I am not sure it is important or not, I just follow https://pjreddie.com/darknet/imagenet/.

And I think gets a little bit lower accuracy is normal, since darknet use 256x256 for validation, and I guess your PyTorch code use 224x224 instead. My CSPDarknet53 PyTorch (224x224) implementation also gets 0.6% lower top-1 accuracy than Darknet (256x256) implementation.

Could you share your code of CSPResNet / CSPResNeXt, I would like to upload the implementation and results to pytorch branch if it is OK.

WongKinYiu avatar May 08 '20 10:05 WongKinYiu

@WongKinYiu I'm sorry to bother you again.

I notice that the modified SAM in yolov4 paper is reference to the CBAM paper.

However, I also find that ThunderNet paper also design a SAM.

so I want to know:

  1. The SAM in CBAM paper is same as the SAM in ThunderNet paper?

  2. In yolov4 paper, the modified SAM is reference to the CBAM paper. But in https://github.com/AlexeyAB/darknet/issues/3708#issuecomment-518583264, LukeAI said the [sam] layer is for thundernet. Are the two statements in conflict? which one is correct?

nyj-ocean avatar May 09 '20 08:05 nyj-ocean

@nyj-ocean

There are many kind of channel attention module (CAM) spatial attention module (SAM) in the literature. For example SENet and SKNet proposed different kind of CAM, and CBAM and ThunderNet prposed different kind of SAM. In general, we will cite the first paper or the most similar paper or both in related work.
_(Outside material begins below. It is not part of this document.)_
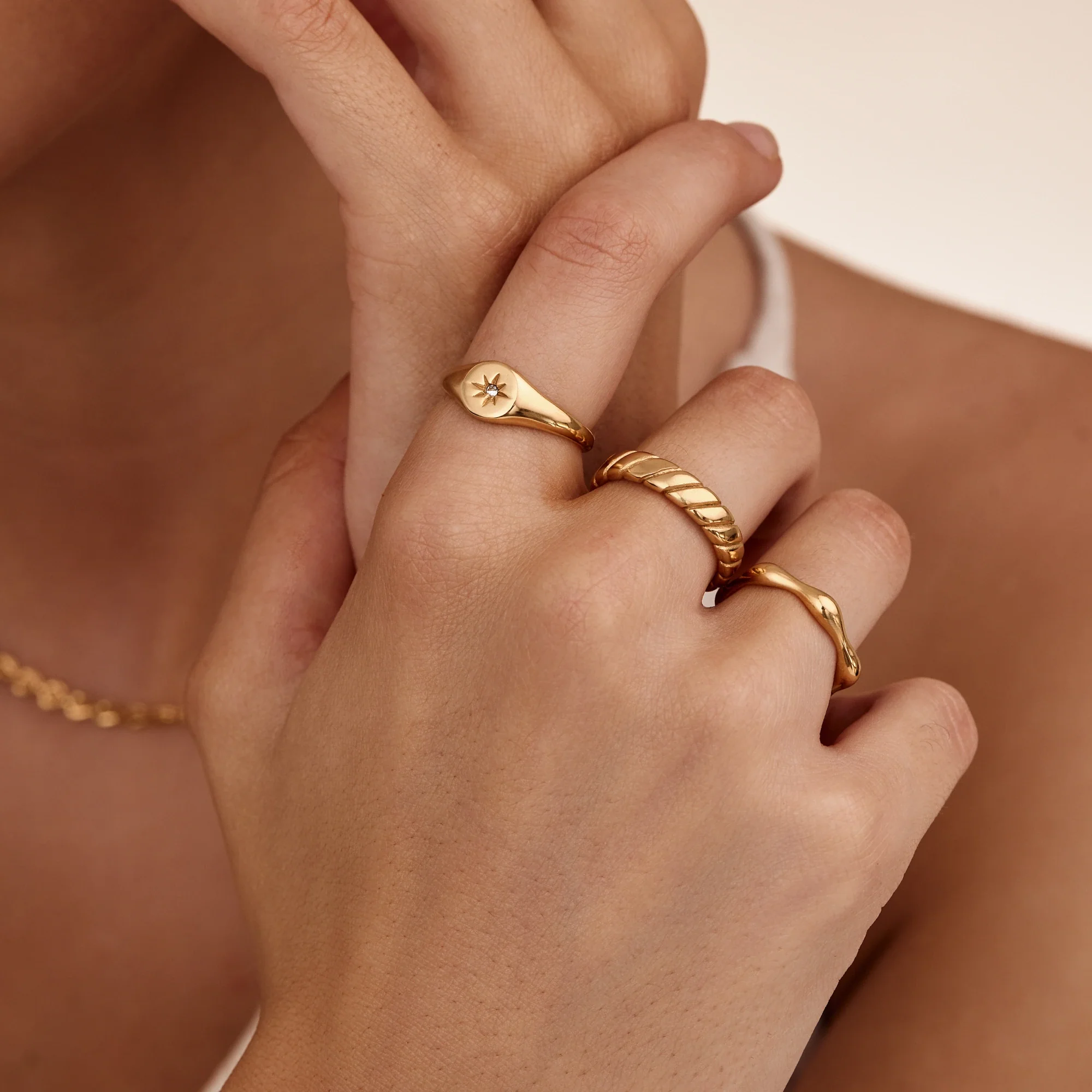 Stella Signet Ring - Image 2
So the answer of your question is:

  1. The SAM in CBAM paper is same as the SAM in ThunderNet paper?

No, they are different.

  1. In yolov4 paper, the modified SAM is reference to the CBAM paper. But in AlexeyAB/darknet#3708 (comment), LukeAI said the [sam] layer is for thundernet. Are the two statements in conflict? which one is correct?

The CBAM is the first paper which proposed SAM, we cite it in yolov4 paper. The ThunderNet prposed the most similar SAM module as ours, we cite it in cspnet paper. SAM in CBAM: image SAM in ThunderNet: image

WongKinYiu avatar May 09 '20 09:05 WongKinYiu

@WongKinYiu Thanks for your reply. yolov4 paper modify SAM from spatial-wise attention to point-wise attention, So the SAM module before modified in yolov4 (that is spatial-wise attention ) is similar to the SAM module in CBAM paper?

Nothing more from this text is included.